Nasrin Sotoudeh is a renowned Iranian women’s and human rights lawyer who, in 2019, was shockingly sentenced to 38 years in jail and 148 lashes for spying, spreading propaganda and insulting Iran’s supreme leader. She defended women who publicly took off their hijab in 2018, an act authorities have equated with treason. She remains under sentence and steadfast in her opposition to forced hijab.

How the so-called ‘Arab Spring’ impacted women’s movements

The ‘ Arab Spring ‘ was a product of unequal rights, wealth distribution, and discrimination, resulting in the overthrowing of long-standing leaders and triggering civil wars, some of which are still ongoing. It also had an impact on regional women’s movements, in two important ways.

Firstly, there was the increased street presence of women across all age groups, beliefs, ethnicities, and social statuses at the time of mobilisations. The protests in Lebanon, Iraq and Sudan, for example, were labelled ‘althawrah untha’, meaning the revolution is female. The strong imagery of women in the resolutions also became symbols of the unfolding movements.

However, the change that initially occurred did not give women a seat at the table, and they were excluded from decision-making roles after the uprisings, with the governments possessing little to no female representation.

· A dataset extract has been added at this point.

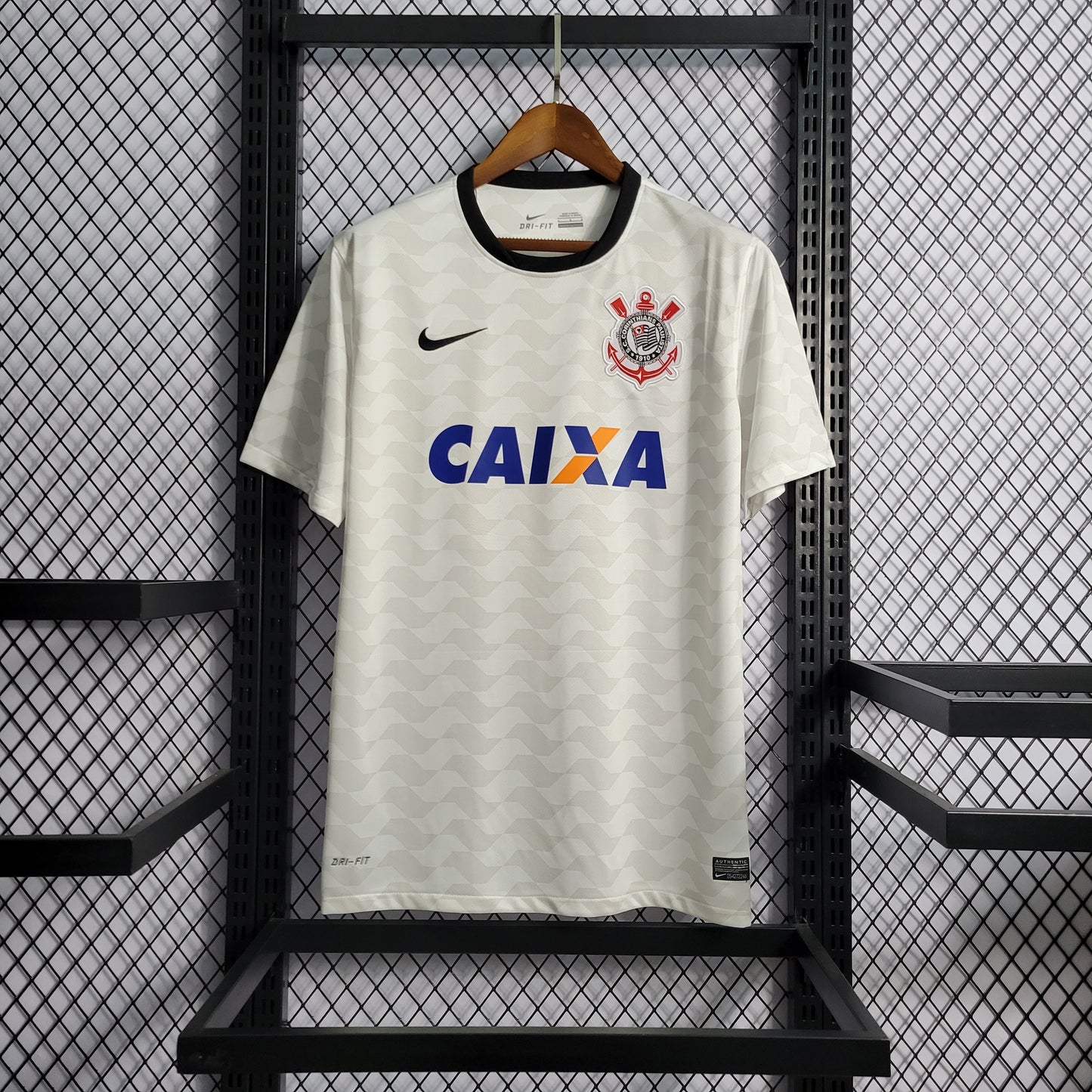 Retro 11/12 Corinthians home S-XXL | 复古/Retro | R | Betty ali Chinese suppliers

In addition, women were excluded from the bodies drafting the new constitutions, while discussions took place about women’s roles belonging in the domestic sphere. There were also efforts to rail back progressive family law and politically motivated violence against women emerged.

The impact differed in North Africa, compared with the Middle East. This difference is because more women have been elected or were appointed than in the former. And typically, women’s issues have been used to further political gains in the Maghreb, particularly to counter Islamist momentum. The appointment of Tunisia’s first female prime minister, for example, was called out by some as mere symbolism.

The Arab Spring also changed women’s rights movements going forward, with these gender-based rights playing centre stage when urging democratic reforms and more interaction with Islamic feminists. 


Women’s movements that seek gender equality have existed in some form since before the 20th century across the MENA region but how they have manifested in each country is particular to their own context and history. Nationalist movements may be intertwined with feminism, but the needs of women have played secondary to issues of nationalist concern. 

Women’s rights have also been used as a tool to counter the increased popularity of conservative elements. Although generally, strides have been made in affording women better economic, political and social rights, some areas are still tricky to establish impact, like violence against women. Other areas have been less controversial, like personal status laws, and that has been, arguably, more amenable to change. 

Increased Islamisation has been generally seen as antithetical to women’s rights, but more female leadership among these groups could be the vehicle to instigate change after the disappointing impact of the so-called Arab Spring.